Sebastián Vielmas: 4 de agosto de 2011

Ya estaba oscuro, mas no recuerdo la hora. Parecía muy tarde. Junto a Carlos, un gran amigo que ese año era el Consejero Superior, salíamos de una sesión del Consejo Académico que él presidía. Yo asistía como Secretario General de la FEUC en representación de la Directiva. Desde un costado del campus Lo Contador de la Universidad Católica vimos pasar varios vehículos policiales con las sirenas prendidas y a toda velocidad. Al mismo tiempo, escuchamos helicópteros sobrevolar Santiago. La escena era digna de las películas de  catástrofe que Hollywood acostumbra a rodar. Debo confesar, sentí miedo. Mucho miedo. Durante ese día vimos la peor cara del régimen, la represión policial indiscriminada. El objetivo del Gobierno ese día fue negarnos el derecho a manifestarnos, solo por pensar distinto a ellos.
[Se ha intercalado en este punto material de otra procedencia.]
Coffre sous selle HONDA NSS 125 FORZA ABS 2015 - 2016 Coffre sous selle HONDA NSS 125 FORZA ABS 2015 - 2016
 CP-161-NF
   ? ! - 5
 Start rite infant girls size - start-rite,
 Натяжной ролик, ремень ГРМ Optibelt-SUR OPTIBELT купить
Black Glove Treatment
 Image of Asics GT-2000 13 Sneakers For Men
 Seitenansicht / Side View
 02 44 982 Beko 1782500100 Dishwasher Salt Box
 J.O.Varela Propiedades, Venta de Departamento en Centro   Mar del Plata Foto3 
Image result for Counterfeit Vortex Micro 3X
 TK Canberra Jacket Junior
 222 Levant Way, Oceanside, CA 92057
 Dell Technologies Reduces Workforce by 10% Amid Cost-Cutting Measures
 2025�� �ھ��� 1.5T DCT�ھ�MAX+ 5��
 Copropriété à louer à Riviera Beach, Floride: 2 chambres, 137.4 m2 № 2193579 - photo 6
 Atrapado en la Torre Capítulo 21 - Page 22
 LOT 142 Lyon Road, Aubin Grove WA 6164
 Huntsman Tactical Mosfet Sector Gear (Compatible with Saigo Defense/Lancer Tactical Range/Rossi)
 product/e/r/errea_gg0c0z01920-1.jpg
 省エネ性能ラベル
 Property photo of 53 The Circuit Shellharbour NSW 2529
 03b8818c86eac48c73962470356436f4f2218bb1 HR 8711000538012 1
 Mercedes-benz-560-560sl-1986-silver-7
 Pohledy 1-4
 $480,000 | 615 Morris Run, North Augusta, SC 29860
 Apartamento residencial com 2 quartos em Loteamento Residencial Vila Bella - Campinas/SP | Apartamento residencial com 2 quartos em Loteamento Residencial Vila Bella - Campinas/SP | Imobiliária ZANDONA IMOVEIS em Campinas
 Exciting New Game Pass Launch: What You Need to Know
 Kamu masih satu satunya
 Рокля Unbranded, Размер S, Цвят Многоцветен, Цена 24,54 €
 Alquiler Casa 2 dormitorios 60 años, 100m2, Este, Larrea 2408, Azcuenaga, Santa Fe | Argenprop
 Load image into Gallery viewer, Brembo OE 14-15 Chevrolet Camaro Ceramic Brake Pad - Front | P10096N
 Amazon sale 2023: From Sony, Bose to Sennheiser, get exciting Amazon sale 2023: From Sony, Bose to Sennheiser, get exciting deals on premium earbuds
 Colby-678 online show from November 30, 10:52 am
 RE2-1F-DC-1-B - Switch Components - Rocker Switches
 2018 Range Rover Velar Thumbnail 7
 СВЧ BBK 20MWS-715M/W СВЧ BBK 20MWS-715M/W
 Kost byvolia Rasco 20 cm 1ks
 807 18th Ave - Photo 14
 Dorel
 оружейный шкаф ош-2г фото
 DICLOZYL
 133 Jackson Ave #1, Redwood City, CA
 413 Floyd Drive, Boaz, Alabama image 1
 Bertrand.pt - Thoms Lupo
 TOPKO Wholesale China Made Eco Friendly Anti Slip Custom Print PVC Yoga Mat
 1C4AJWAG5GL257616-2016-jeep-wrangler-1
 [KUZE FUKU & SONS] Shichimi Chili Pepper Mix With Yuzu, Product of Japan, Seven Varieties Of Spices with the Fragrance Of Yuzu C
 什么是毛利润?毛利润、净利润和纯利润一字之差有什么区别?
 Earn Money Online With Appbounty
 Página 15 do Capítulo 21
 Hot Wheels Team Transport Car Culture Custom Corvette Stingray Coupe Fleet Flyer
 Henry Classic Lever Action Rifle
El debate público fue reemplazado por gases lacrimógenos, barricadas, “guanacos” y molotovs. Todos los que creemos en ejercer nuestros derechos con espíritu democrático y sin violencia fuimos apartados. Al parecer nuestra causa, una educación pública y de calidad, concitó tal respaldo ciudadano que el Gobierno decidió desviar la atención. Así, termina por nacer la llamada Ley Hinzpeter, para que hablemos de la violencia y no de educación.

Recuerdo todo esto y me indigna. Me indigna lo que sucedió ese día, y sigue sucediendo a menudo en distintos puntos del país. También me indigna que sigamos leyendo en la prensa que las estafas en educación no terminan. Me da rabia que se juegue con los sueños y el futuro de los jóvenes de nuestro país. El escándalo del Instituto Valle Central, revelado con valentía por CIPER Chile es evidencia de esto.

Hace dos años, producto de la indignación y el intento de acallarnos, cientos de miles de personas (no sé si alguien las contó) hicieron sonar sus cacerolas. Se escuchaban sin importar si estábamos en el barrio alto o en la periferia de la Capital. Dejamos en claro que si nos uníamos todos, no tendríamos miedo, ese miedo que yo sentí ese día. Recuerdo también que esa noche estábamos reunidos como directiva de la FEHC en casa de Pepo, vicepresidente durante ese 2011. Entre el ruido de las cacerolas, pensamos que ante la imposición de la violencia como respuesta, debíamos responder con más democracia. Ahí nace nuestra idea de impulsar un plebiscito para enfrentar el conflicto. Eran tiempos de mucha angustia.

Junto con el enojo con que se golpeaban las cacerolas, estaba la esperanza. Si tantos chilenos y chilenas, de todas las edades, golpeaban las cacerolas era porque creían en la posibilidad de un gran cambio. A dos años, pareciera que las banderas que levantábamos no generan la misma emoción. Es lógico, cualquier movimiento se desgasta tras más de dos años de no ser escuchados. El Gobierno descubrió que puede gobernar con más de 100.000 personas en la calle, desviando la atención para que discutamos leyes que quieren impedir que nos manifestemos, como si eso solucionara algo.

A dos años de este día negro, propongo que recuperemos esa esperanza. El movimiento por la educación debe jugársela para presionar por todos los medios, tanto en las calles como en el Parlamento. Este año debemos lograr dar un primer paso para recuperar nuestro futuro, recuperar la educación, independiente de quién sea el próximo o la próxima presidenta. Ese es el mejor recuerdo que podemos hacer de ese día negro y esa noche esperanzadora del 4 de agosto de 2011.